» TASK ITEM
Copy every line from the one that holds "Meta Quest 2 128GB VR шлем + 2 контроллера" to the end of the records below, exactly and with nothing else, but without any pictures.

» SUPPLIED DATA
+ + + + + + +

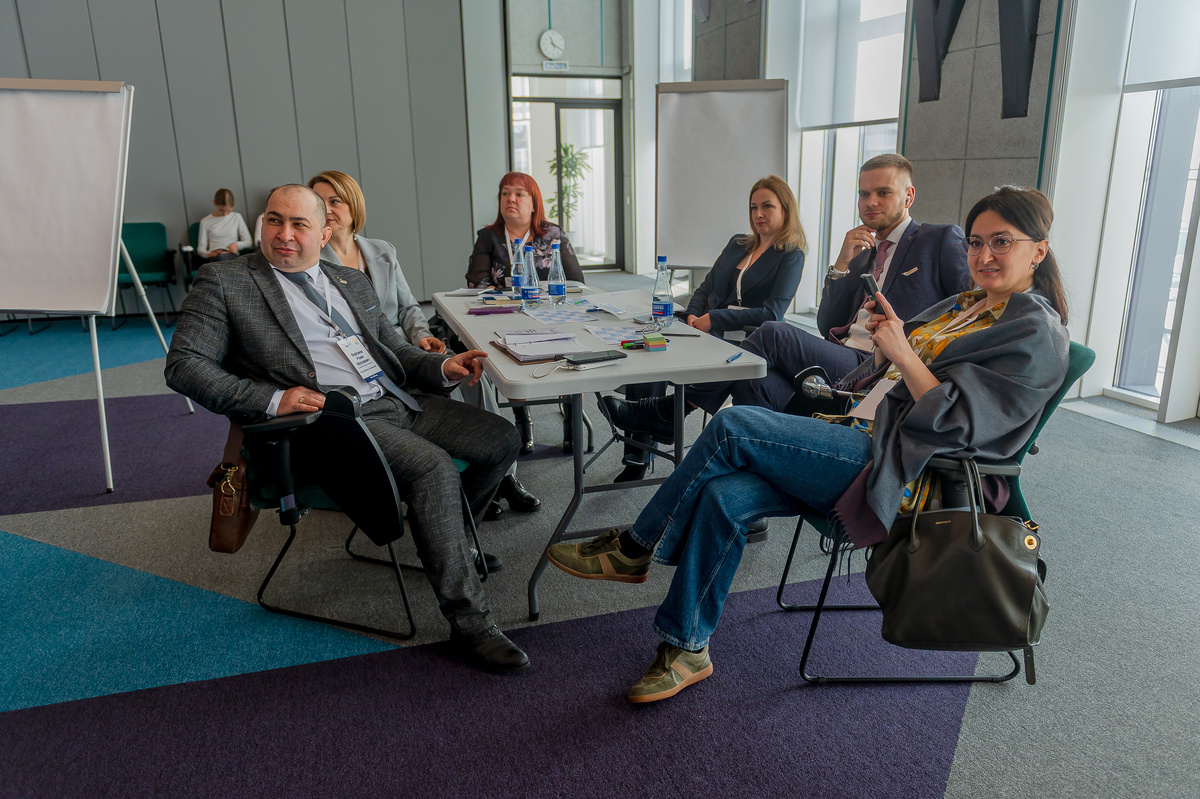     Төбәк сервис вәкилләренең беренче конференциясе уза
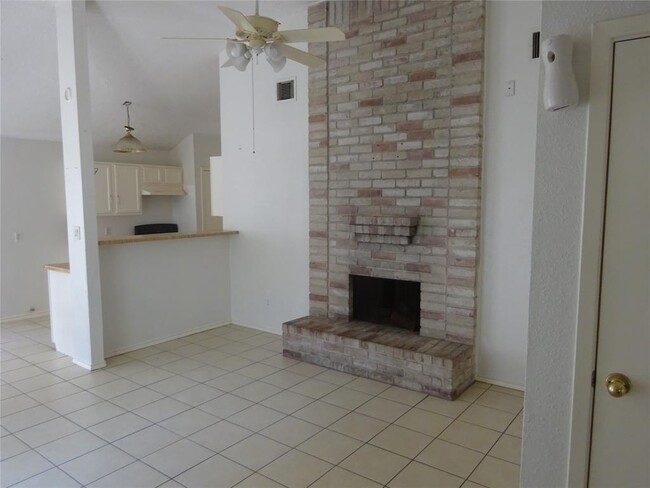 Building Photo - 6939 Greenyard Dr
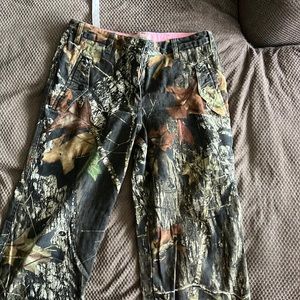 Womens Camo hunting pants.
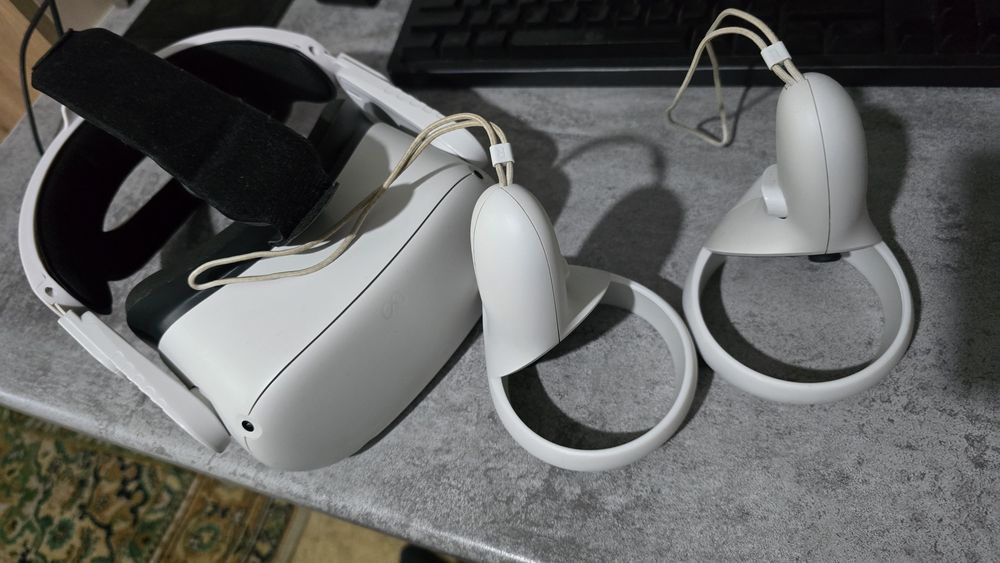 Meta Quest 2 128GB VR шлем + 2 контроллера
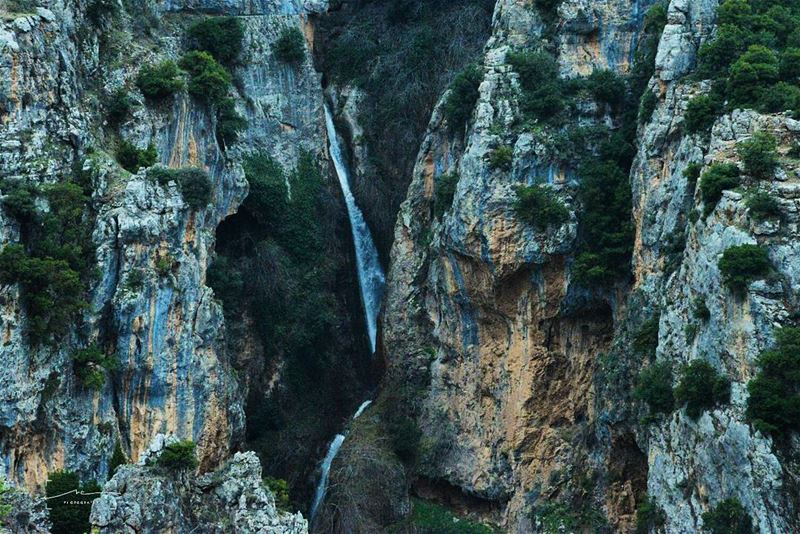 The loud sound of waterfalls 💦💦 (Wadi Annoubin)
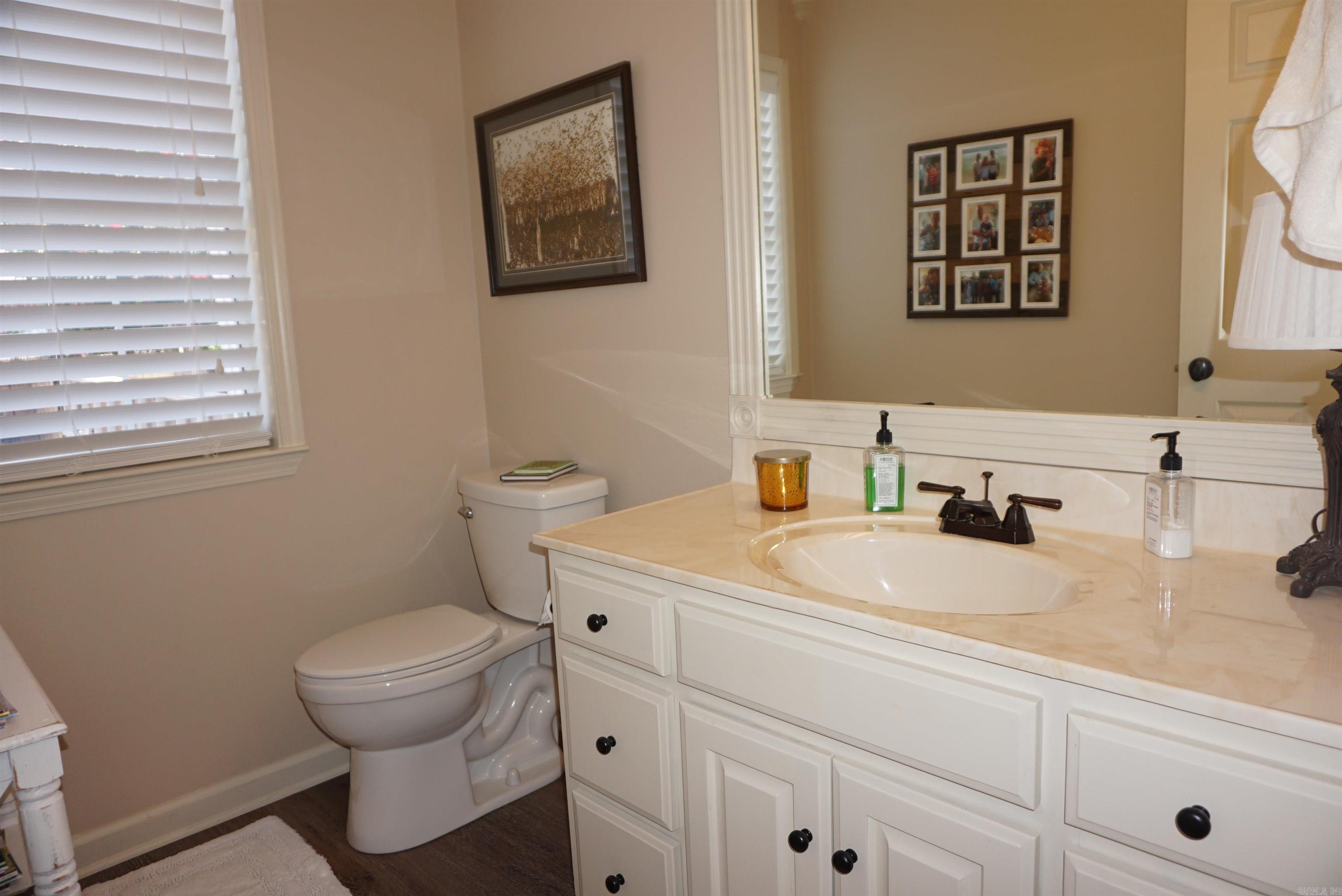 BELLE MEADE - Residential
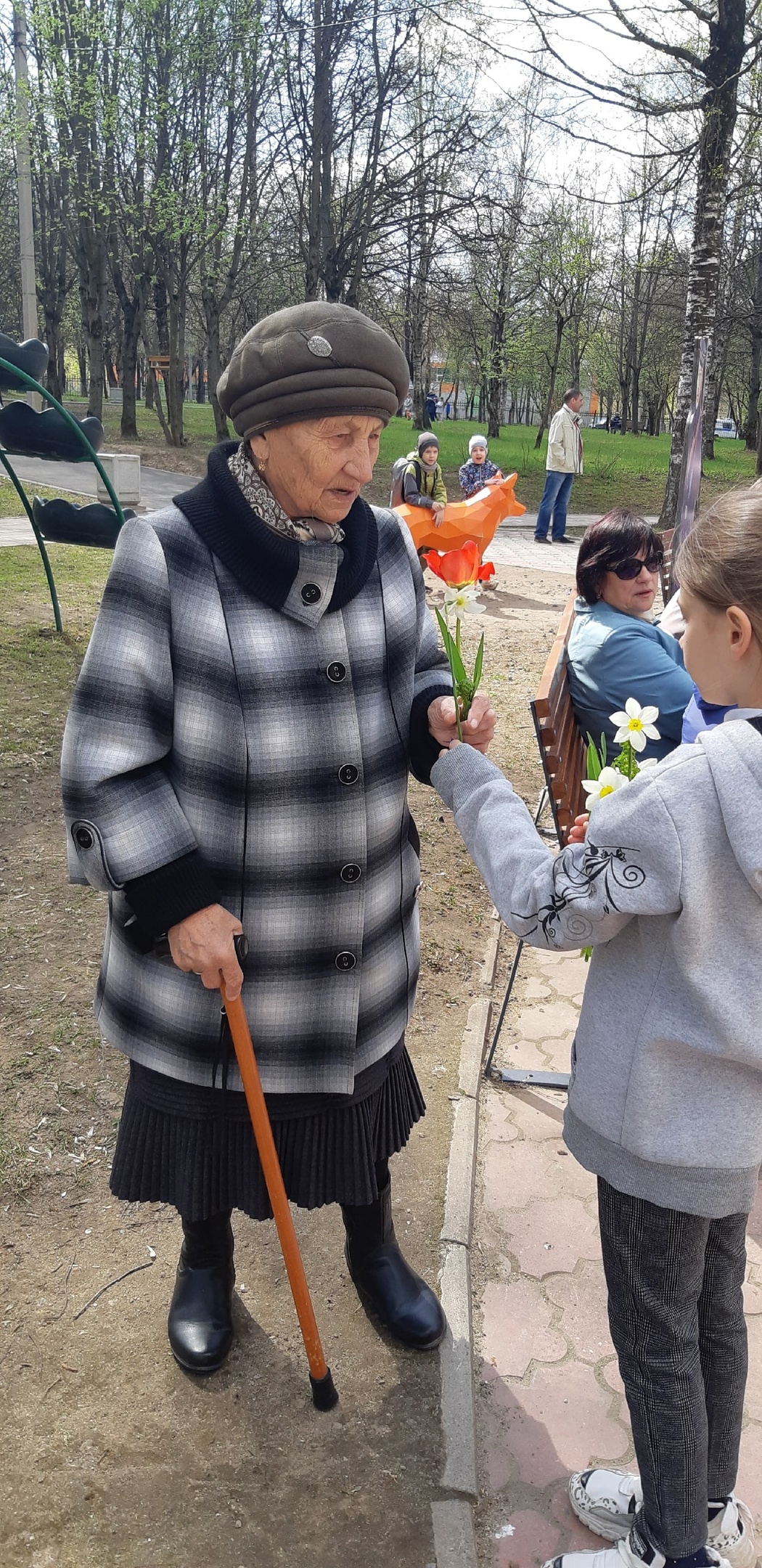 АКТИВИСТЫ ОТРЯДА «ДАРИ ДОБРО» ВСТРЕТИЛИ ДЕНЬ ПОБЕДЫ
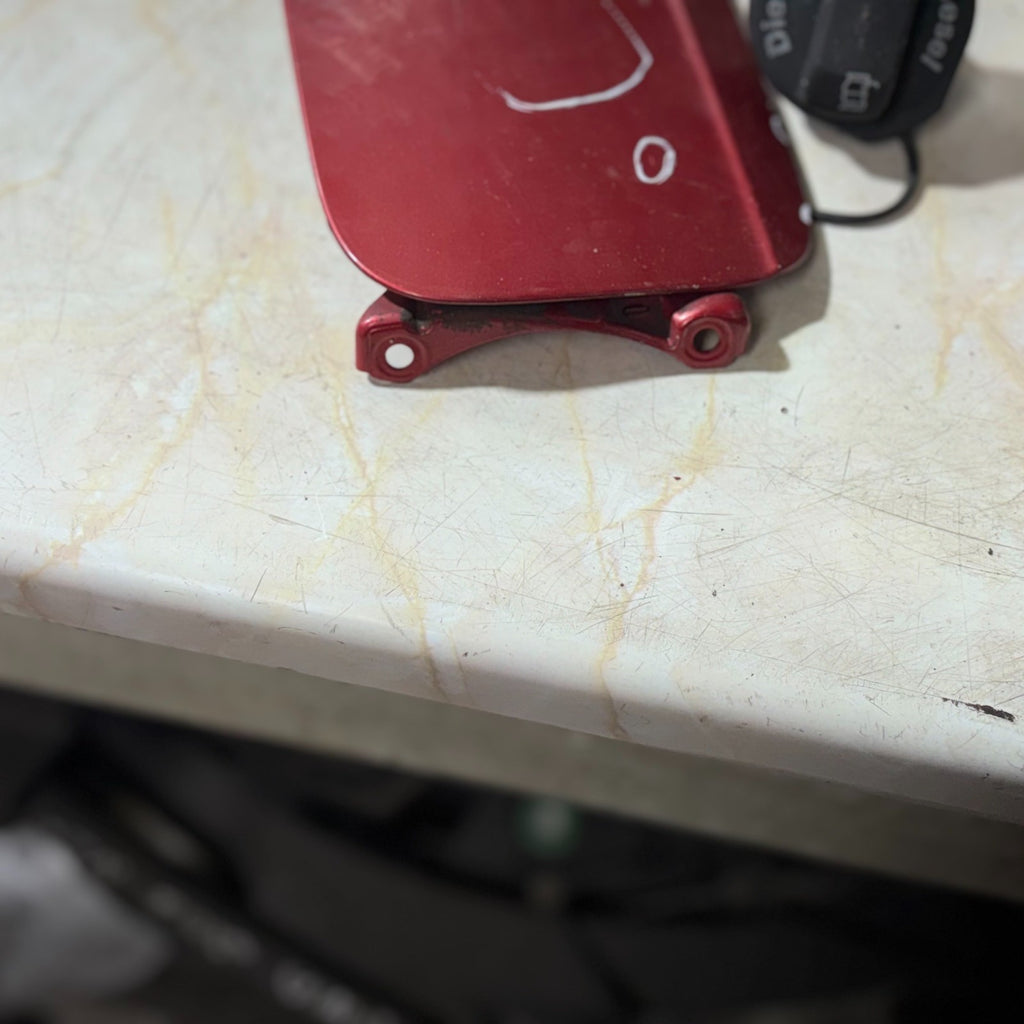 Audi A4 Fuel Filler Flap Lid Cover Cap 2004-2008M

+ + + + + + +

» SOLUTION FOR THIS PROBLEM
 Meta Quest 2 128GB VR шлем + 2 контроллера
 The loud sound of waterfalls 💦💦 (Wadi Annoubin)
 BELLE MEADE - Residential
 АКТИВИСТЫ ОТРЯДА «ДАРИ ДОБРО» ВСТРЕТИЛИ ДЕНЬ ПОБЕДЫ
 Audi A4 Fuel Filler Flap Lid Cover Cap 2004-2008M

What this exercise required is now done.